Take a moment to indicate how you would react
If you were a young black man, would you feel comfortable going to the door on property where a Confederate flag is displayed?
I'll confess that if it was me, I'd keep on walking and find somewhere else to phone for help. You say you'd stride confidently up to the door? Well, maybe you're more courageous than I am.
The Confederate Flag Cannot Escape Its History
The purpose of any flag is to function as a symbol that embodies certain ideas. The motives or intentions of a person who flies the Confederate flag today cannot change what it has symbolized for more than a century and a half.

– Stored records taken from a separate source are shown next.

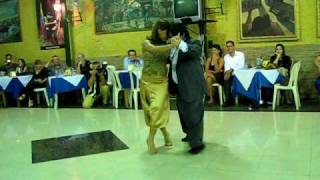 Sofiani Figueroa y Aoniken Quiroga / CUV  21-11-09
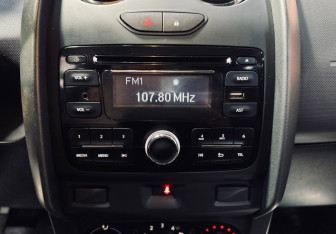 Подержанный автомобиль Renault Duster 2015 года (10 фото)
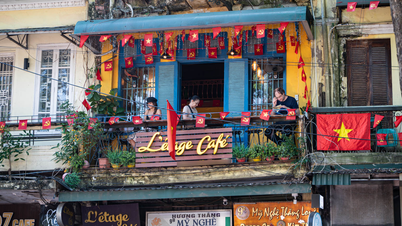 Restaurant in Hanoi, verborgen in een klein steegje, met een balkonhoekje 'klanten kunnen de hele dag zitten zonder zich te vervelen'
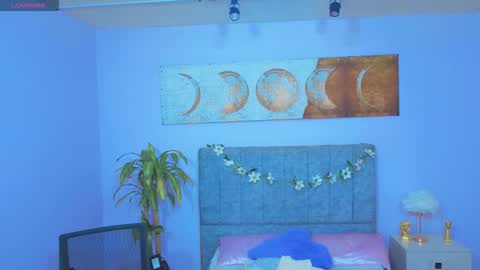 MAITE STONE1 online show from January 17, 2026, 3:33 am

When the soldiers of Confederate general Robert E. Lee’s Army of Northern Virginia proudly marched under that banner as they fought against the United States, the Confederate battle flag was the approved and beloved symbol of their commitment to defending a system that was based on keeping black people enslaved. As the state of Mississippi explained in their official declaration of their reasons for seceding from the United States, “Our position is thoroughly identified with the institution of slavery."

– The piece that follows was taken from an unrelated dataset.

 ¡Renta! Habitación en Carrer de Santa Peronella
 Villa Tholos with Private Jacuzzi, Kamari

Our position is thoroughly identified with the institution of slavery.— The state of Mississippi's declaration of why it seceded from the Union, January 9, 1861
Every soldier who fought under the rebel flag knew he was fighting to preserve a way of life that was “thoroughly identified with the institution of slavery.” That was what that flag symbolized to those who flew it then. And that is what it inevitably symbolizes to the descendants of the victims of slavery today.

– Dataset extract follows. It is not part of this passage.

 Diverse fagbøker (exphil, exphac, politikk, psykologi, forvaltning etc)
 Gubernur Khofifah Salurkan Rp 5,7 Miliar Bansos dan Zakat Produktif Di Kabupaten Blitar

The Confederate Flag in the 20th Century
Throughout the 20th century the Confederate flag was the banner under which organizations like the Ku Klux Klan, White Citizens Councils, the Dixiecrat political party, and more recently, numerous white supremacy groups have operated. It is thus associated with decades of prejudice, discrimination, vilification, and unrestrained violence against African Americans.
During the Civil Rights movement various Southern states used the Confederate flag as a rallying point for their unbending resistance to Federal government efforts to enforce equal citizenship rights for African Americans. That’s what that flag officially symbolized in states like Mississippi, Alabama, Georgia, and South Carolina through much of the last century.
That is the “heritage” that is indelibly stamped on the Confederate flag by its history, and which no nostalgic longing to identify with noble and valiant ancestors who heroically fought for what they believed in can erase.
The Confederate Flag's History Defines Its Meaning Today
Perhaps Ben Jones is right in believing that those who proudly display the Confederate flag today have only pride and not hatred in their hearts. But even if that’s true, it cannot and does not change the significance embedded in that image by those whose shameful beliefs and actions have defined it throughout its history.
People of good will look forward with hope to a day when racial animosity is such a long-forgotten aberration that all Americans, black and white, can view the Confederate flag simply as an emblem of all that's best about the South. But that time is not yet. As long as racial hatred remains a reality among us, the Confederate battle flag will be its symbol.
In his message to Congress in 1862, in the midst of the Civil War, President Abraham Lincoln had a warning for the leaders of the nation in that momentous era:
“Fellow-citizens, we cannot escape history. We of this Congress and this administration, will be remembered in spite of ourselves. No personal significance, or insignificance, can spare one or another of us. The fiery trial through which we pass, will light us down, in honor or dishonor, to the latest generation.”
Neither can the Confederate flag escape its history. And the fiery trials to which this country has been subjected under its shadow continue to light it down, in dishonor, to this generation and beyond.